Mitchell enjoys cooking. Always has. When he was a tweener, he once said to me about a local bakery…when I can get a job Mom…I am going to work there. As soon as he turned 15, he told me…I am going to ride my bike down there and apply for a job.
He did. He got it. Mitchell became like family to the owner and her son. It was a perfect job for him. Super thankful for our experience. Father orchestrated the whole thing.
Since we homeschooled, I bought an online cooking course from a chef during his high school years. Mitchell and I did it together. SO MUCH FUN!!!!!!! Great memories in the kitchen with my kiddos.

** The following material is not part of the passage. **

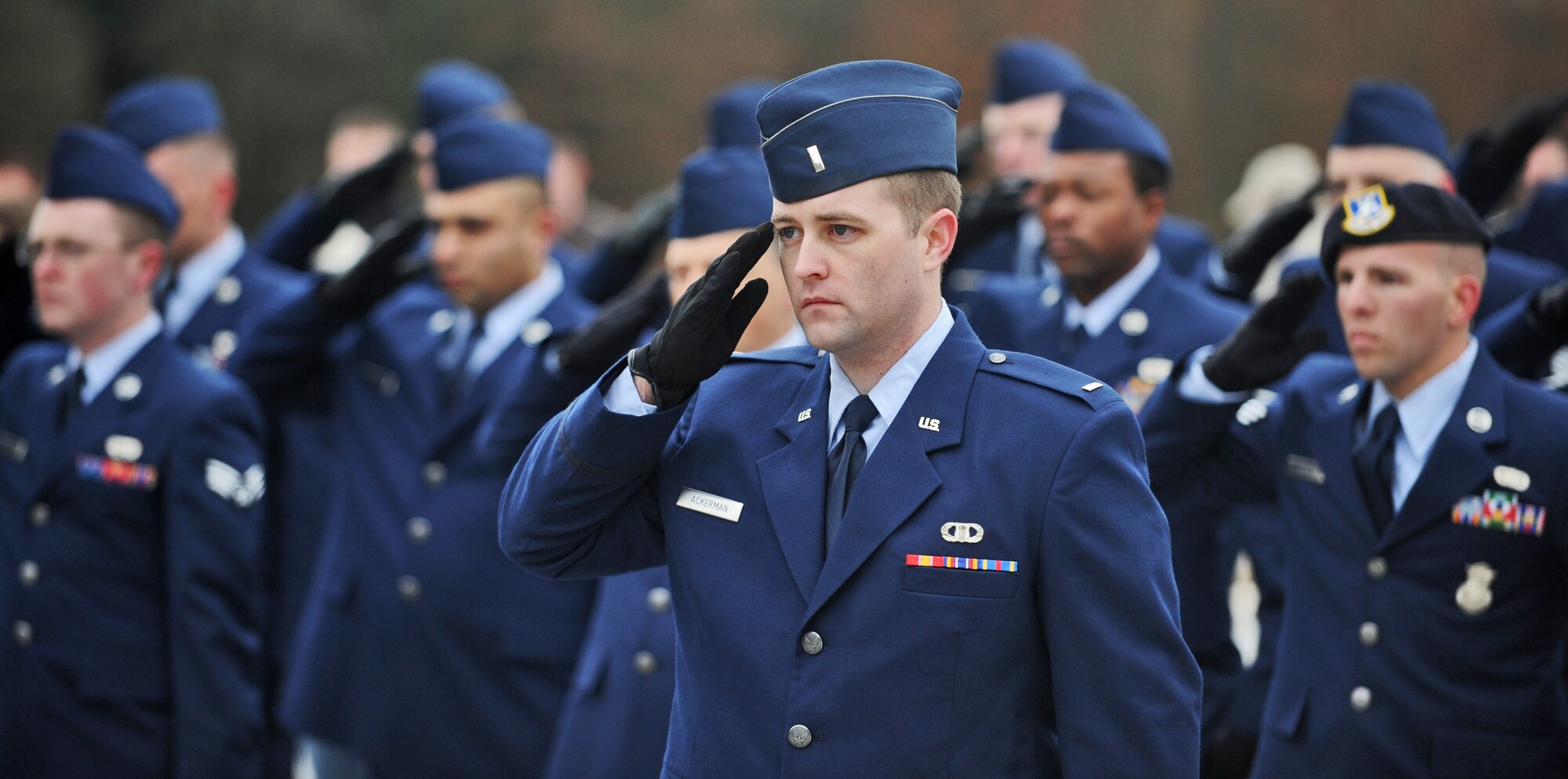 LUXEMBOURG – 1st Lt. Thomas Ackerman, 52nd Fighter Wing flight commander, salutes along with members of his flight during the Veteran’s Day ceremony at the Luxembourg American Cemetery and Memorial Nov. 11. More than 5,000 fallen servicemembers from World War II are buried at the 50.5 acre cemetery, which is one of 14 cemeteries established overseas after World War II.  (U.S. Air Force photo/Senior Airman Nick Wilson)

When Mitchell wanted me to share some of his fav recipes, I spent the day with him at his new apartment teaching him how to cook Challah Bread, chicken noodle soup, homemade noodles, and our favorite rolls.
Wonderful day spent with him. These are some of the photos from that day.
Disclaimer
Had to hit pause on the post. Family bonding time interrupted my writing. I thoroughly enjoyed watching Ahnalaya Ann with Mr. Mitchell Man. She couldn’t get enough of him. She helped him unload his car, and then followed him around wherever he went. I am not sure how many hugs that man got from her. She adores him. Super sweet to watch.

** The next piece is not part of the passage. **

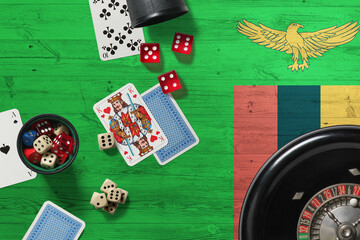 Zambia casino theme. Aces in poker game, cards and chips on red table with national wooden flag background. Gambling and betting.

That being said, I am starting the post again this morning…Saturday. I AM GOING to get this post done today.
I have to share this bit of truth. There is a fountain of joy inside of me. It is super cool to experience. Ya know when you go to a splash park or those public fountains where the water comes out of the ground in bubbles at first? Then it blows a spout? That is what I feel. I feel the bubbles of joy bubbling inside of me. Crazy stuff man.
I keep thinking it is going to blow like Old Faithful. Boy, that is a super cool site to see. Old Faithful puts on quite a show. Loved watching it. I feel the show coming.

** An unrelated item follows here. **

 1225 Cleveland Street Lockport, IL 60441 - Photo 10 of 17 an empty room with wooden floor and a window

It is this wonderful giddy feeling I have bubbling from my heart. 💜 This is an important piece of the puzzle related to this post. 🥰
It is joy. His joy. I love it. Feels amazing to me. Never felt anything quite like the power of it. SUPER WONDERFUL!
I feel like singing that children’s song…I have the joy, joy, joy down in my heart…where…down in my heart…to stay!
Goodness. Hell was worth every bit of the pain to get this wonderful goodness bubbling inside me. 🔥😜🤷♀️
Where to Start
I am not sure where to start really. So many puzzle pieces, I can’t even keep track of them.
Let’s start here…I am the walking Word. The Bible made flesh. Sounds crazy I know. To the legalistic Christians…I am a heretic. A blasphemer. They want to burn me on the stakes. Too late…I was already nailed to the cross and crucified. I was burned at the stakes in the fires of Hell and the purifying fires of Heaven. You can’t hurt me now. You are only wasting your time and breath.
I have been living out many Bible stories over the years. Goodness…it is mind-boggling for real. Some stories have run consecutively. Others are running concurrently. Some are still in the queue to happen in the future. Seems like I am a time machine of sorts. Past, present, and future are all wrapped up in one tiny little body.
Have I mentioned before I live a crazy life? 😂
At times, I have thought maybe I was crazy. I remember sitting at a stop light in St. Louis one day years ago. While resting there, I asked Him…am I making this shit up?
His response was, “You are not smart enough, intelligent enough, or creative enough.”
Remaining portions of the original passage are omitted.